Congress increased CAFE standards in a 2005 energy bill to 35 miles per gallon by 2020, but members were ridiculed for offering a way out, or "off ramp," for auto manufacturers who can prove that this move would cause harm to their business. Members called it a "high hurdle," but experts balked.
Republicans took away some measure of comfort as Yergin told them that in this very tight supply market, any announcement of new areas opening up for oil companies could have a bigger, positive effect on prices than it probably normally would. But Yergin said oil companies are dealing with a doubling of costs to develop an oil field, a shortage of labor and equipment, as well as a "steel shock" - with costs of steel up 40% since the first of the year.
It was clear, members on both sides of the aisle want a new inventory of what's available in the Outer Continental Shelf, saying most of the information known is at least 10 years old. Yergin called on members to include both oil and natural gas.
The nearly 3-hour long workshop ended on a bit of down note with a bipartisan twist. Sen Pete Domenici, top Republican on the Energy Cmte, said, "This is the worst economic problem America has ever had in my time here...and it's capable of destroying us...I think we ought to go after the offshore and Alaska with a vengeance." But Conrad countered, "Speculation is part of what's occurring.
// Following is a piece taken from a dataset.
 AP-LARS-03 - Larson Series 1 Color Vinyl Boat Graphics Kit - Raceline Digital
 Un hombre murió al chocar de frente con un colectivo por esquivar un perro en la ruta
There are a whole new set of players in market...But it's also true that we have a set of policies that have discouraged production and encouraged consumption. We have got to reverse that...Some of our colleagues just want to deal with half of the ball field (Democrats and Republicans)...As far as I'm concerned, they have it half right."
Meanwhile, on the Senate floor, Democrats and Republicans are expected to deal with four measures next week — each side offering a bill to deal with speculation and each side offering its own energy bill. It is unclear how the debate will unfold or what will be in each bill. Democrats are expected to address drilling in their energy bill, though they are not expected to call for an opening of any new areas for this, according to a senior Democratic leadership aide. Republicans have long pushed for new drilling, anti-speculation measures, and increased use of plug-in vehicles.
One thing is clear from today's activities, members are feeling intense pressure from their constituents to do something to bring down gas prices.